By Aaron Fowler
In January, a Euclid Avenue property owner came before the Candler Park Neighborhood Organization requesting support to rezone the property.
This multi-family building at 1221 Euclid is more than 50 years old, but is zoned as single-family. Adding to the intrigue: Eight of the 12 residential buildings on this Euclid Avenue block are multi-family residential homes, but zoned single-family. I originally moved to Atlanta in 2003 to study public policy and city planning at Georgia Tech, and spent the initial part of my career working at the Atlanta Regional Commission and several universities managing campus transportation. For the urban planner in me, my interest was peaked by this seemingly mundane request. How could there be so many multi-family buildings zoned single-family in Candler Park?
For anyone interested in historical maps and Atlanta history, Georgia State University and the Atlanta History Center both have excellent online archives. Those archives are where I started my sleuthing for zoning history. What I found is worth us better understanding as a neighborhood.
One of the first Atlanta zoning maps I came across dates back to 1925. Interestingly enough the concept of Euclidean zoning, where planners designate a single purpose to a piece of land, was a recent phenomenon in the United States. As the popularity of Euclidean zoning spread, Atlanta and many cities across the country began using it as a mechanism to segregate communities.

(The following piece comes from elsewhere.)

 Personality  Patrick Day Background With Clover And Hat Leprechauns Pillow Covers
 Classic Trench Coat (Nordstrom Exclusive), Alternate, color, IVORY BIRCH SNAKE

Atlanta’s segregated zoning, where it designated race-based residential districts, made it to the Georgia Supreme Court in 1924. The book The Color of Law by Richard Rothstein is a great resource to learn more about Atlanta’s zoning practices during this time. The case was focused on the constitutionality of Atlanta’s relatively new zoning map from 1922. The City’s zoning consisted of “R1 white districts”, “R2 colored districts” and undetermined districts. When the State Supreme Court invalidated Atlanta’s race-based zoning districts, the city relabeled its white residential districts as “Dwelling Houses” and its black residential districts as “Apartment Houses.”
Because the city couldn’t explicitly zone based on race, it sought to get a similar result through economic means. In this zoning map from 1925, you can see that the property in question, and the entire block, were zoned as Apartment House.

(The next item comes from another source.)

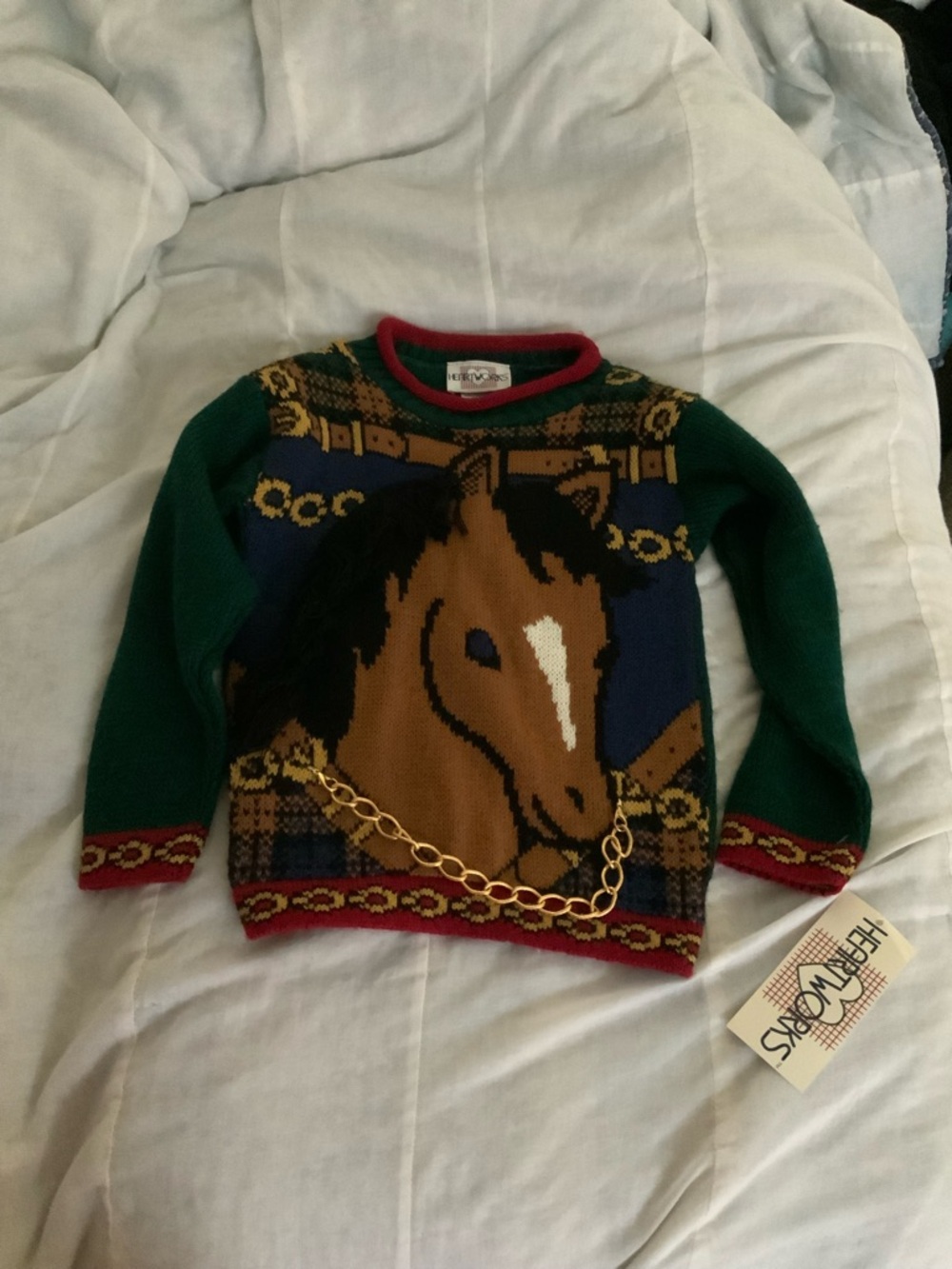 NWT Vintage Girls Heartworks Small (4) Green Horse Sweater Chain Yarn Mane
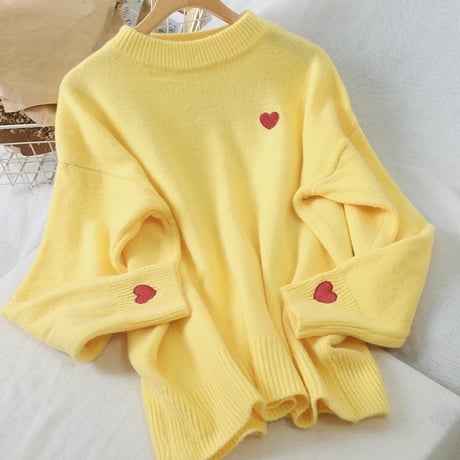 【進撃のノア様着用♡】【Red即納】ハートステッチニット 7色展開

Moving forward in Atlanta’s zoning history, maps from 1964 and 1970 tell a similar land use history for that block. The Euclid property at 1221 was still zoned as multi-family. Interestingly, between the 1970s and today’s zoning map all of the properties shown as having historical multi-family zoning on Euclid Avenue were downzoned as single-family. This likely happened during the 1982 zoning update. Downzoning is a fairly rare practice, but is classified as when the new zoning is considered less intensive than the previous. In the 1980s Atlanta’s zoning changes brought sweeping downzoning across the city, and according to the Department of City Planning nearly 60 percent of the city was zoned as single family housing at the time. This same publication by city staff lays out that the rapid rise in housing costs across Atlanta is related to its out of date zoning code from the 1980s. In effect, the downzoning in the 1980s limited Atlanta’s future growth and reduced housing options for low-income residents. With limited changes, this zoning and development code from the 1980s is still what guides our land use policy today.

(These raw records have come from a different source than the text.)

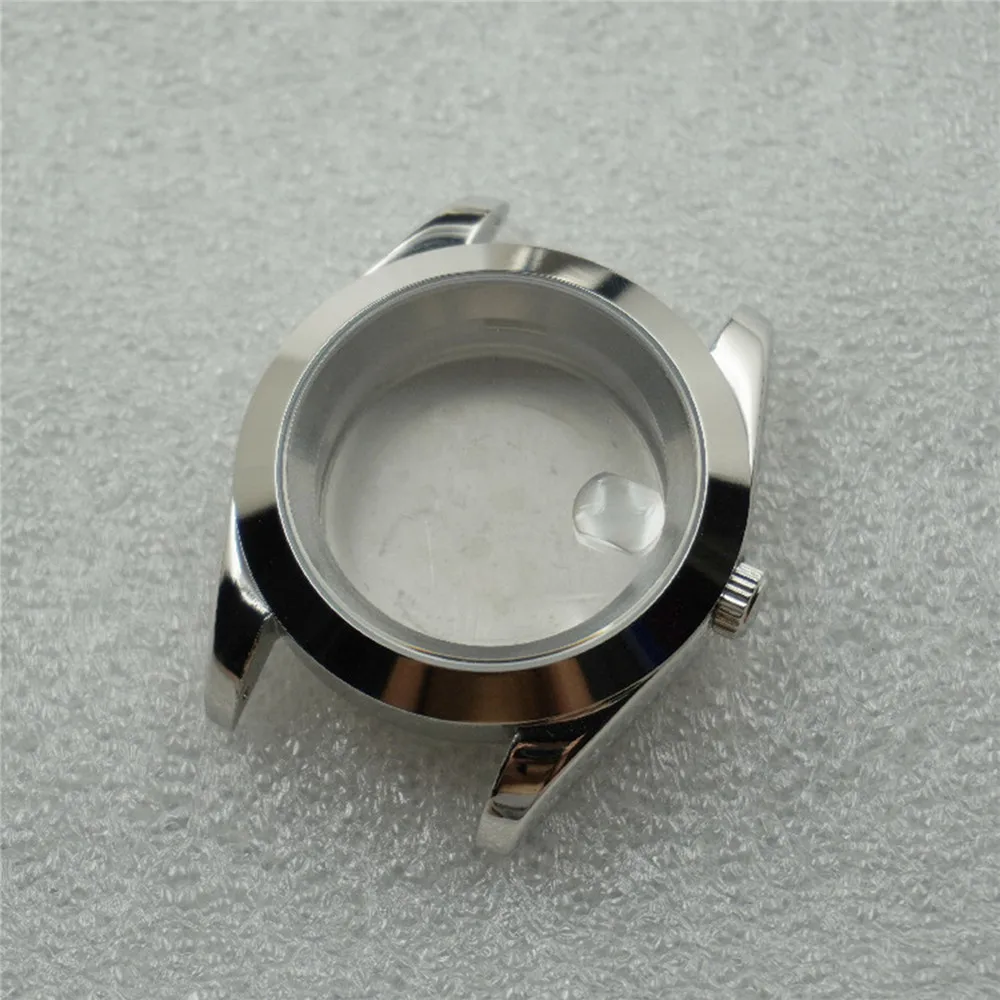 

41mm Sapphire Glass Watch Case Modified Stainless Steel Cases Transparent Bottom for NH35 NH36 NH38 Movement Watches Accessories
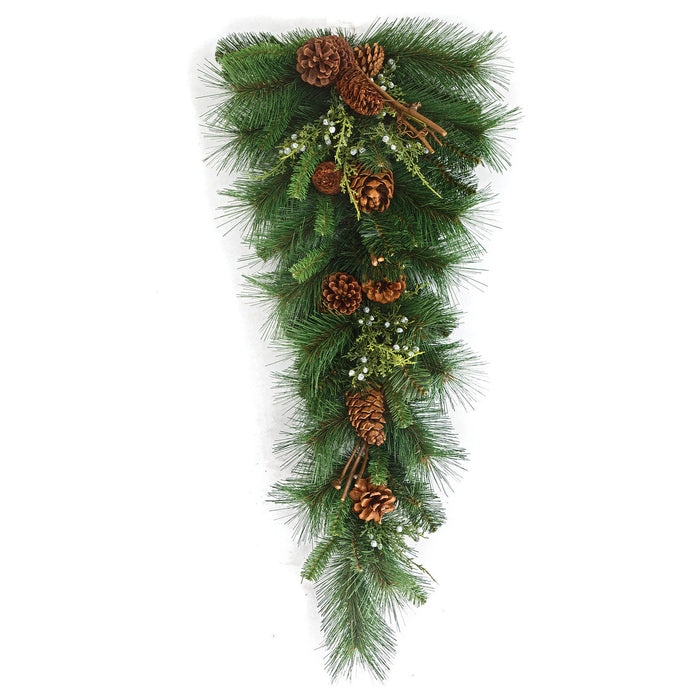 32" Sugar Pine & Pinecone Artificial Teardrop Swag -Green/Brown (Pack of 4) - C-250010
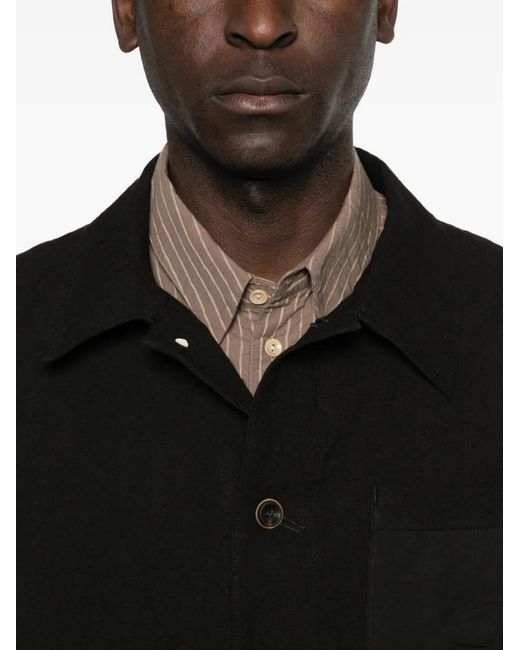 Individual Sentiments Black Chemise À Boutonnière Et Poches Plaquées for men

In regards to the downzoned properties on Euclid, even if a property is no longer matching its zoned use, an owner is still entitled to continue using the structure at the more intensive use so long as its higher use is maintained. While rights for a downzoned property owner can vary by municipality, in Atlanta there are guidelines in place to allow for the restoration and renovation of downzoned properties if damaged or destroyed. The staff report from the February 1 Zoning Review Board meeting related to the Euclid property outlined this section of city code in detail.
Before my hunt for neighborhood zoning history started, I had wrongly assumed that Candler Park had always been a single-family neighborhood. While much of the neighborhood has roots in single-family living, the Euclid property alone has 100 years of history in being zoned multi-family and having a multi-family structure on its property. The same is true for many of our neighborhood’s multi-family structures. What I’ve come to realize is that since our neighborhood became known as Candler Park in the 1920s, we’ve always had a diversity of housing types.
Aaron Fowler, a resident of Iverson St., has lived in Candler Park since 2022.